- Episode no.: Season 6 Episode 12
- Directed by: John Riggi
- Written by: Colleen McGuinness
- Production code: 612
- Original air date: March 15, 2012

Guest appearances
- James Marsden as Criss Chros; Dean Winters as Dennis Duffy; Kristen Schaal as Hazel Wassername; Al Roker as himself; Ira Glass as himself; Bernie McInerney as Priest;

Episode chronology
| ← Previous "Standards and Practices" | Next → "Grandmentor" |
- 30 Rock season 6

= St. Patrick's Day (30 Rock) =

"St. Patrick's Day" is the twelfth episode of the sixth season of the American television comedy series 30 Rock, and the 115th overall episode of the series. It was directed by John Riggi, and written by Colleen McGuinness. The episode originally aired on NBC in the United States on March 15, 2012.

In the episode, a visit from Dennis Duffy (Dean Winters) forces Liz (Tina Fey) to progress in her relationship with Criss (James Marsden); new page Hazel (Kristen Schaal) accidentally rekindles the rivalry between stars Tracy (Tracy Morgan) and Jenna (Jane Krakowski); and Jack (Alec Baldwin) finds a metaphor for his life in a fantasy boardgame played with the writing staff.

==Plot==
Liz, expressing a general disdain for the Irish, plans to spend St. Patrick's Day in her apartment with boyfriend Criss ridiculing the revelers outside. Criss slips "I love you" into their conversation, but Liz changes the subject. Ex-boyfriend Dennis Duffy shows up injured at her door. Liz presumes this is a ploy to win her back. Criss is hospitable to Dennis, who claims to now be married. After Liz claims her love for Dennis in an effort to call his bluff, Criss storms out angry over her ease of saying "I love you" to Dennis. Liz finds out that Dennis's wife does in fact exist and Dennis points out that Liz has been mistreating Criss. She finds Criss on the street serving hot dog buns to customers and finally tells Criss that she loves him.

Jenna and Tracy once more are hosting coverage for the St. Patrick's Day parade. New page Hazel starts a fight between them by inadvertently giving a cue that Jenna is a bigger star, which also angers Pete. She tries to fix it by replacing their names in the script with "Host #1" and "Host #2", which causes both to read the lines for Host #1. Kenneth, at home on a Saturday thanks to his new job, resists the urge to intervene when he sees the disaster on television. Both stars are replaced by Al Roker mid-broadcast and leave the set. Outside, a car waiting for one of them is labeled "Host #2." They are confused about who should get in and recognize the underlying emotions that are driving the fight. They return to host the rest of the broadcast. Hazel discovers that Kenneth made the sign and drove the car to force this resolution.
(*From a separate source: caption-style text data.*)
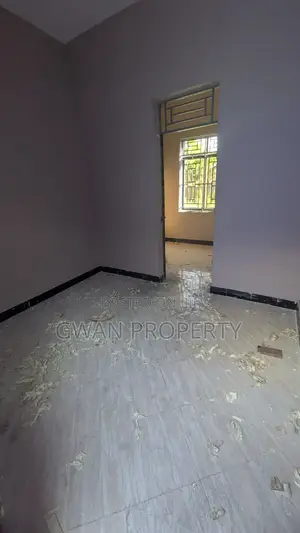 1bdrm Apartment in Kyela Mjini for rent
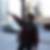 Profilbild von Michelle Hauser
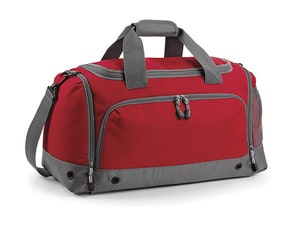 Bag Base BG544 - Athleisure Holdall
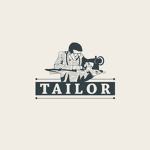 19thCenturyTailor
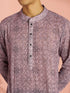 men’s ethnic festive wear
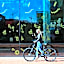 The Student Hotel Groningen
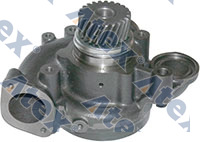 13-92050 1675750, 20575653, 3183908, 3183909, 420759, 465884, 471500, 477397, 477770, 5009093, 8112184, 8112185, 8113522, 8113523, 8118184, 8119523, 8192050, 85000387 Devirdaim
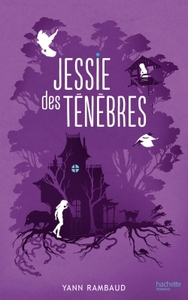 Picture of Jessie des ténèbres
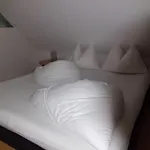 Hotel Binders Budget City-mountain 4*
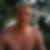 Profilbild von Andreas Rückert
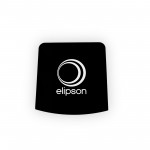 Elipson Stream S300 Xi mrežni reproduktor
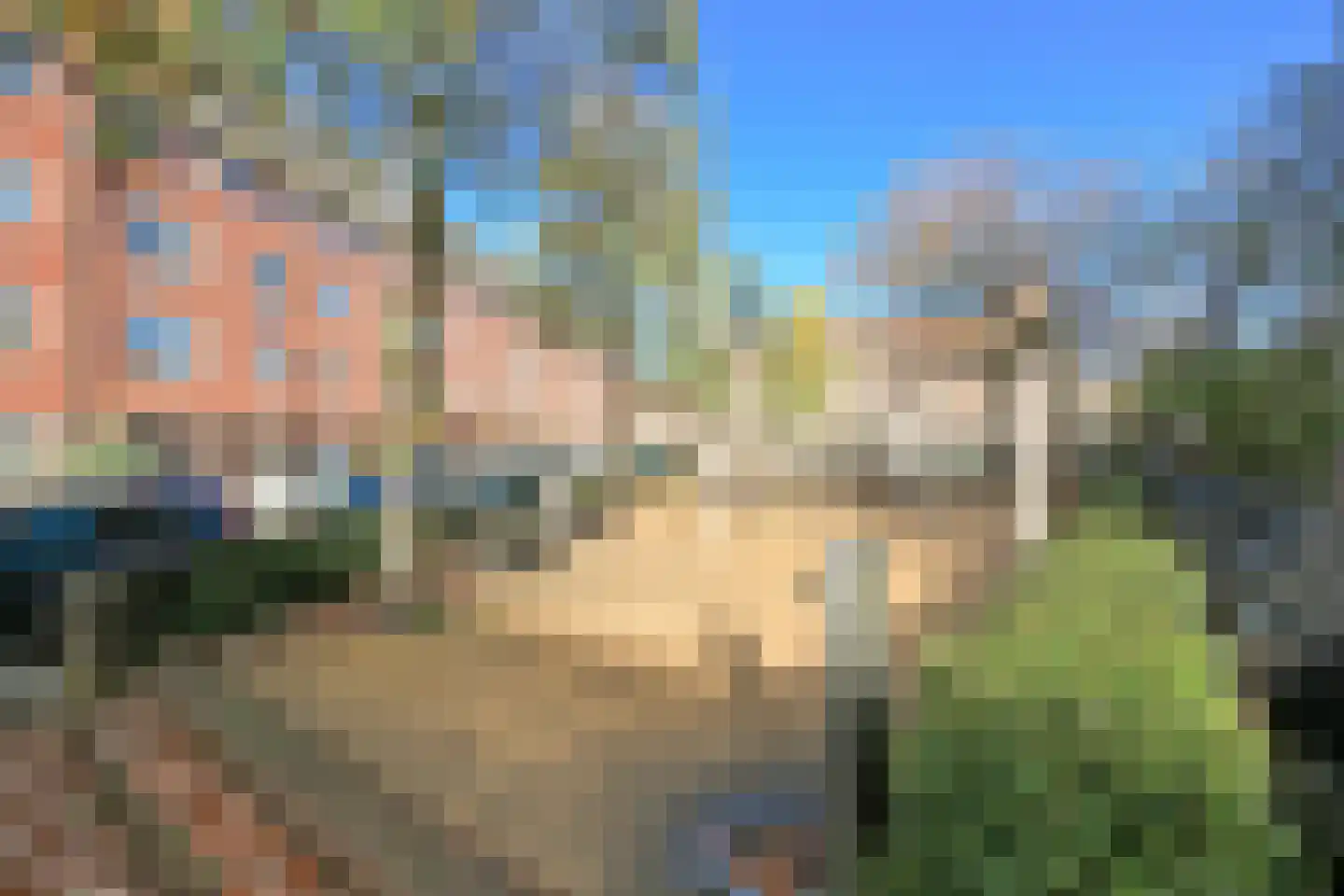 Paramariboplein 2 1 Amsterdam thumbnail 31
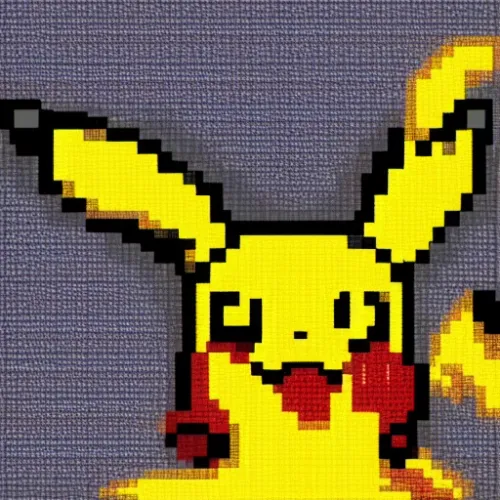 Item #12405939429542593999447301368132919671234695379813432421570653709239356227585 Media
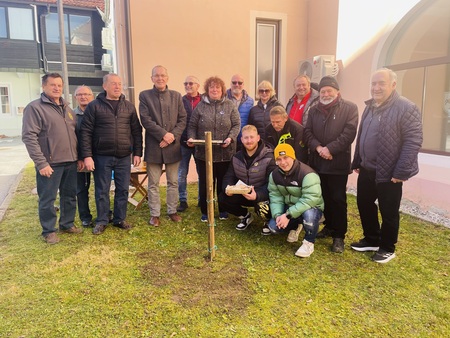 Arhiv: Občina Slovenske Konjice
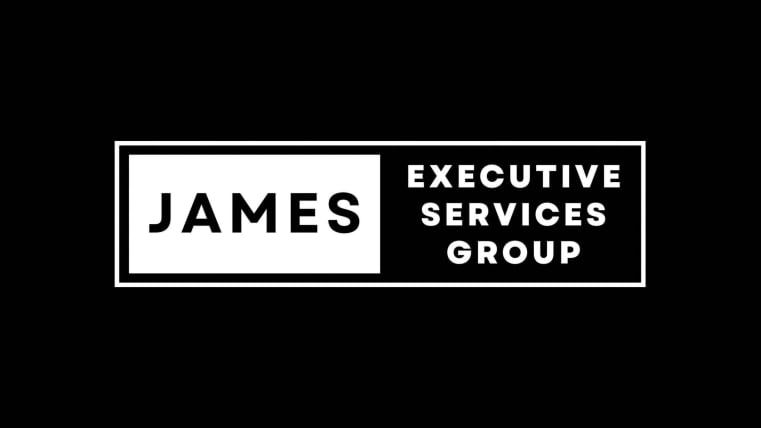 image description not provided by submitter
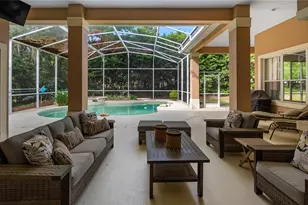 693 Stonefield Loop, Lake Mary, FL 32746 - Photo 43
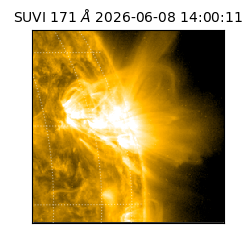 suvi - 2026-06-08T14:00:11.879000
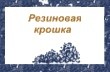 ООО «Ресурс-Транзит»
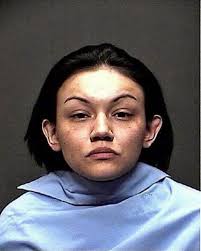 Police: Mom killed her kids after argument with boyfriend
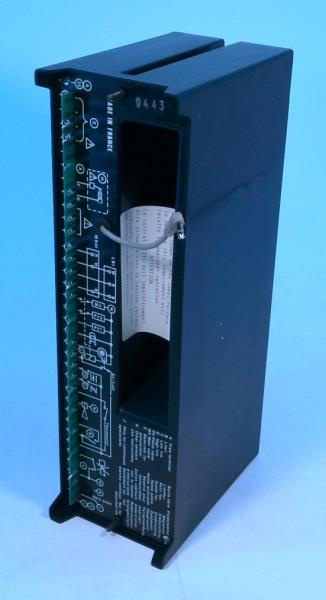 HONEYWELL R7241E1028-ST059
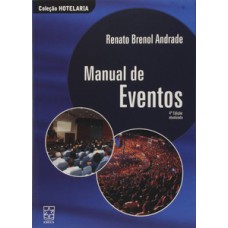 Manual de eventos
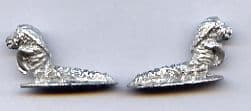 FT78 15mm Fantasy Crawlers Old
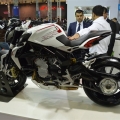 DucatiStandi-MotosikletFuari-2014-026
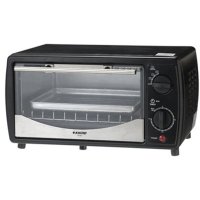 Khind Oven Toaster [TO-901]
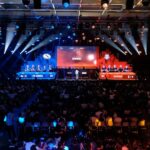 Rainbow 6 betting markets, tips & sites to bet on
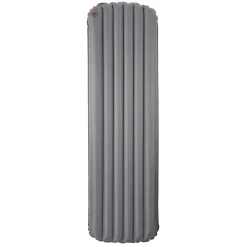 Stratosphere 5.5 Sleeping Mat - Regular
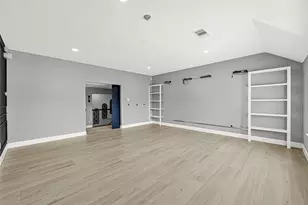 1565 Segovia Dr, League City, TX 77573 - Photo 28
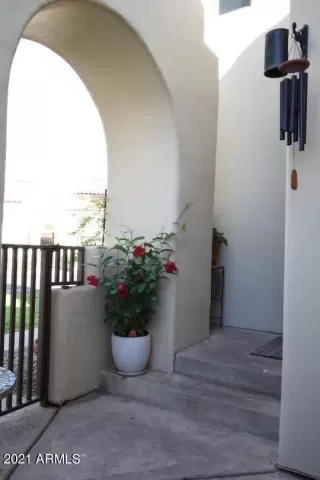 Photo #1: 6305598 Listing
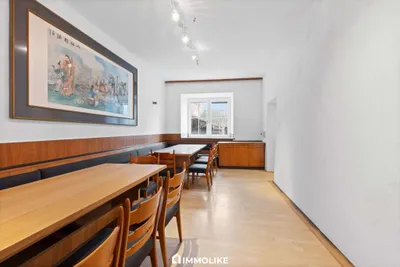 16-Zimmer-Gewerbeimmobilie kaufen in Grieskirchen – 378 m², € 349.000 – Bild 19 von 26
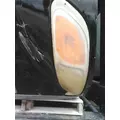 PETERBILT 387 1999-2011 GRILLE thumbnail 8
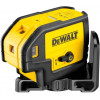 DeWALT DW083K - зображення 3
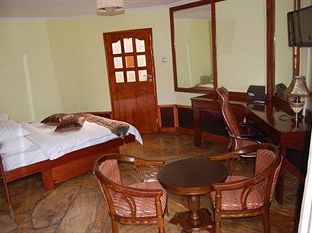 Hotel Image 4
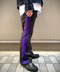 thumbail4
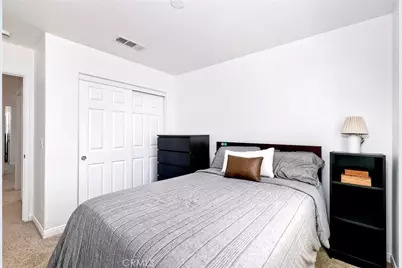 1514 Crown Lane #3, Chula Vista, CA 91915 - Photo 23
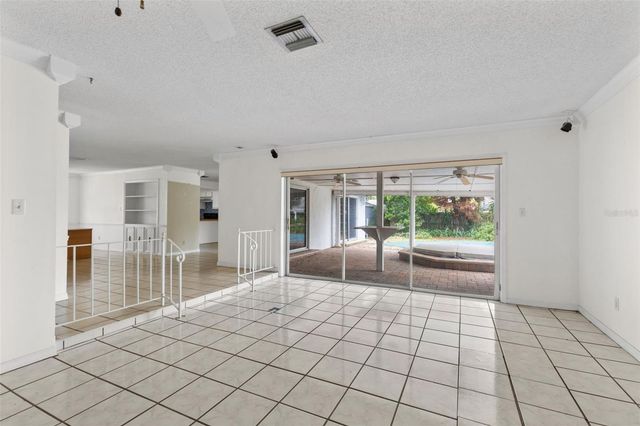 2467 FIELDINGWOOD ROAD, Maitland, FL 32751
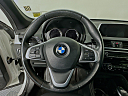 Thumbnail image of 2019 BMW X1 at Mercedes-Benz of Massapequa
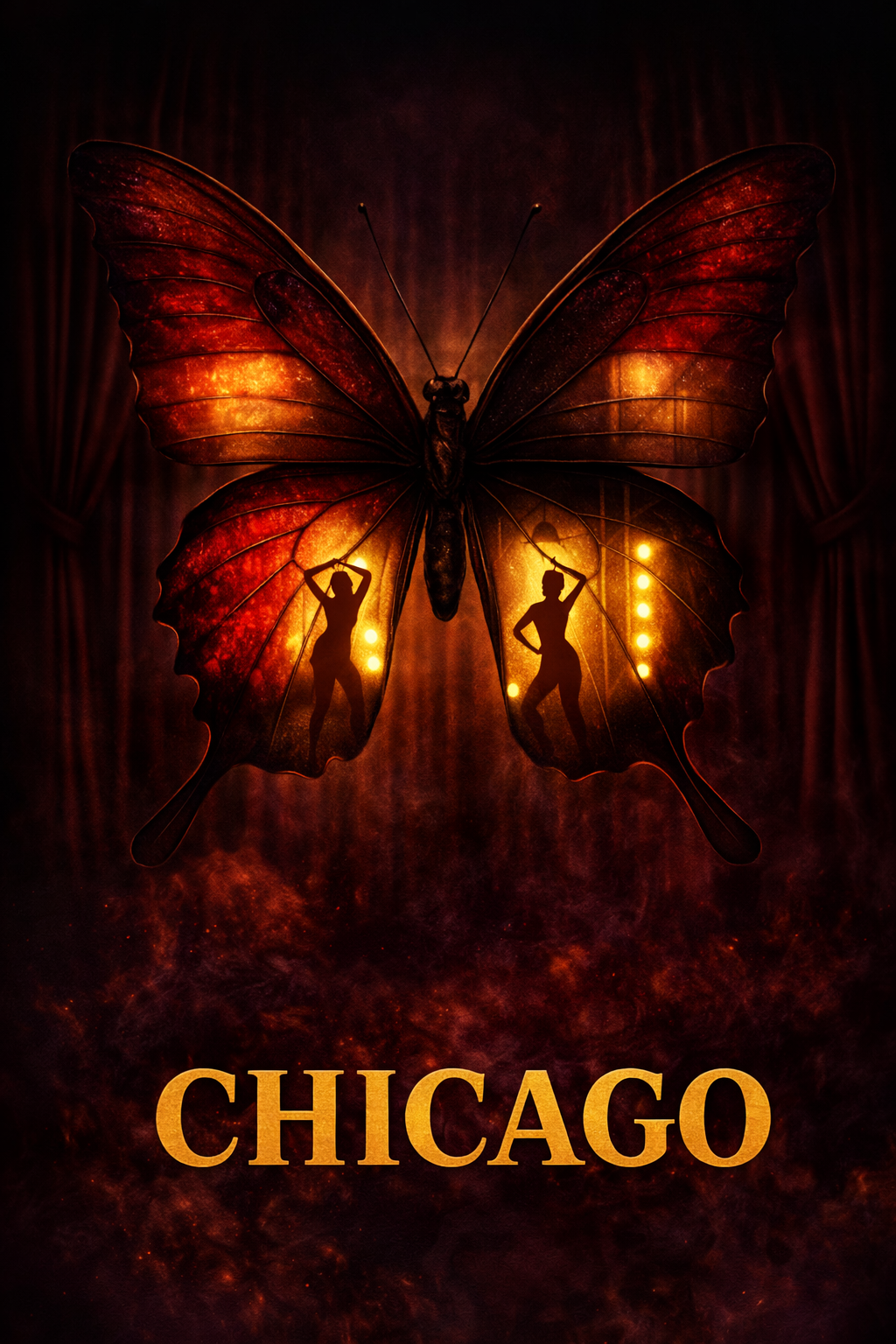 Chicago inside butterfly.png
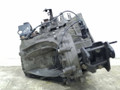 КПП механическая (МКПП) Hyundai i30 1 поколение 2010, 1.6 л., CRDi, дизель, 6МКПП, серебристый, хетчбэк 5 дв., передний привод, WAJ6H, 233848 - фото №4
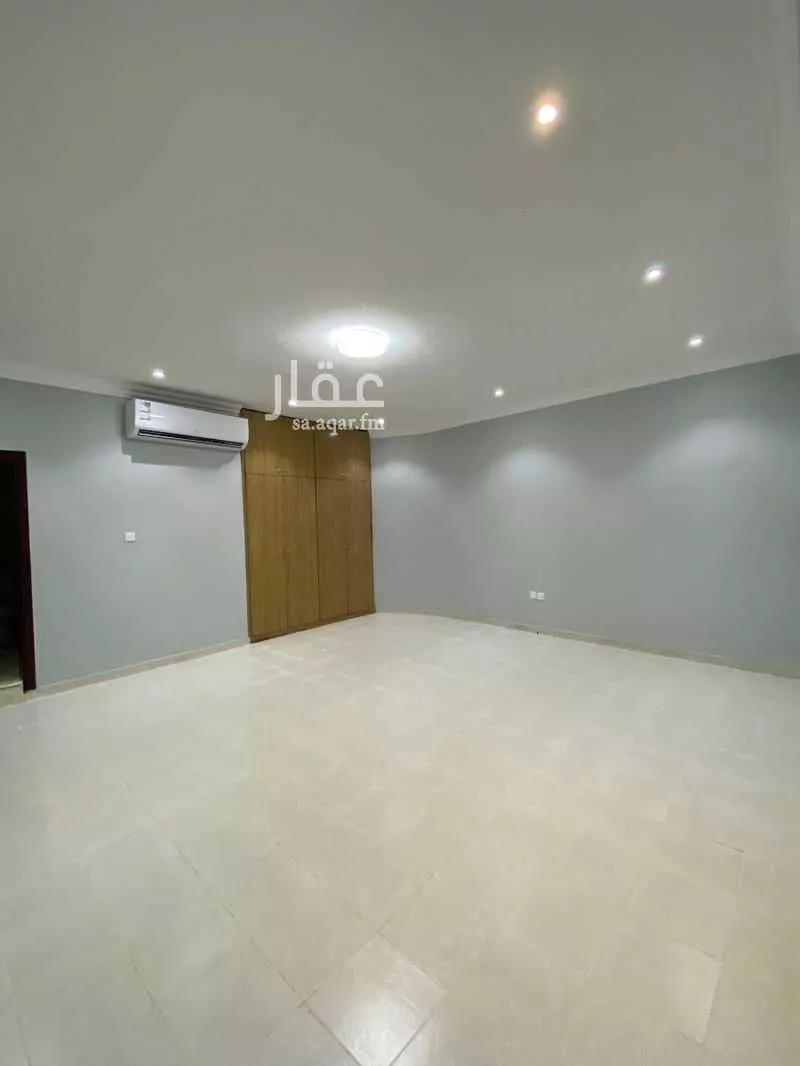 فيلا 5 غرف في ام الحمام الشرقي، الرياض 16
Jack discovers that the writers are playing a fantasy boardgame in the office because their faces are too punchable on St. Patrick's Day. He gets wrapped up in the economic dynamics of the game, but ends up losing most of his assets and finds it to be metaphor for his stagnant career at Kabletown. After some soul searching at St. Patrick's Cathedral, he comes up with a tactic to win the game, which results in him receiving general adulation.

==Cultural references==
- The board game the writers play has obvious similarities to The Settlers of Catan.
- The "lez movie" Dennis and Criss watch is implied to be The Kids Are All Right.
- When the Star Wars-obsessed Liz finally tells Criss, "I love you," he responds, "I know," thereby recreating the exchange between Princess Leia and Han Solo in The Empire Strikes Back. Liz gasps "You 'Solo-ed' me."